*INFORMATION PROVIDED*:

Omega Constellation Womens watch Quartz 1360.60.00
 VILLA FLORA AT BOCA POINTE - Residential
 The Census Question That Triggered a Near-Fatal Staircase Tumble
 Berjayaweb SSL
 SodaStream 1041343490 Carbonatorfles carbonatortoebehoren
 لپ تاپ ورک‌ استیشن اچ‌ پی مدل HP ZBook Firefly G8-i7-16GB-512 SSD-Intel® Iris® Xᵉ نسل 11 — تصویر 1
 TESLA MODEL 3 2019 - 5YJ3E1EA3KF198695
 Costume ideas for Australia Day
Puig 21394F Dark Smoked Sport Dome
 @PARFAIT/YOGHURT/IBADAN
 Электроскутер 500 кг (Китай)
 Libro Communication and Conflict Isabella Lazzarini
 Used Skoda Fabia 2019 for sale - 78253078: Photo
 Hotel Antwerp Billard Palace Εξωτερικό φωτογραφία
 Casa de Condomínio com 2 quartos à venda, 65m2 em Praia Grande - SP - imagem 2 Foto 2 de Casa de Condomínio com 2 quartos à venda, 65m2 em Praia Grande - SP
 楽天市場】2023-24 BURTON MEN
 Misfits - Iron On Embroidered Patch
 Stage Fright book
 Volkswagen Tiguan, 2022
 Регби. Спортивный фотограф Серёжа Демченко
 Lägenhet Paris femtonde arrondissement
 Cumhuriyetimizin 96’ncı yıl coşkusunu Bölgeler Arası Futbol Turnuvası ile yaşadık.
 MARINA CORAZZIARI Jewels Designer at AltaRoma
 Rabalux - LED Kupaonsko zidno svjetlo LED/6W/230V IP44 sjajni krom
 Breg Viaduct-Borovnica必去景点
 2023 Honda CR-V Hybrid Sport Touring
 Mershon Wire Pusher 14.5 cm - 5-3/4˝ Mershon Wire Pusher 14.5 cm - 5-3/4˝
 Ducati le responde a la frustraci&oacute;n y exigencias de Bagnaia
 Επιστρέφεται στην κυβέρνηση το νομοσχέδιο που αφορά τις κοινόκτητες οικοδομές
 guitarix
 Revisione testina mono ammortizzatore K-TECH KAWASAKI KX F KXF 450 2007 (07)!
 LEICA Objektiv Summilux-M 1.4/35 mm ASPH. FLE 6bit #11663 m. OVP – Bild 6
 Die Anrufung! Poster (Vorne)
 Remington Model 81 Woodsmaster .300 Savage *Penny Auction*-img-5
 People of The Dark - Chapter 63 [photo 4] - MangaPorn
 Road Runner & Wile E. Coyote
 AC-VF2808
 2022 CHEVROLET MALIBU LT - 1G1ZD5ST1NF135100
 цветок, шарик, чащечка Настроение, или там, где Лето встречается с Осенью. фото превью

*PROBLEM TO SOLVE*:
Your answer should hold every line of the entries that contains the string "Dark".

*OUTPUT OF THE EXERCISE*:
Puig 21394F Dark Smoked Sport Dome
 People of The Dark - Chapter 63 [photo 4] - MangaPorn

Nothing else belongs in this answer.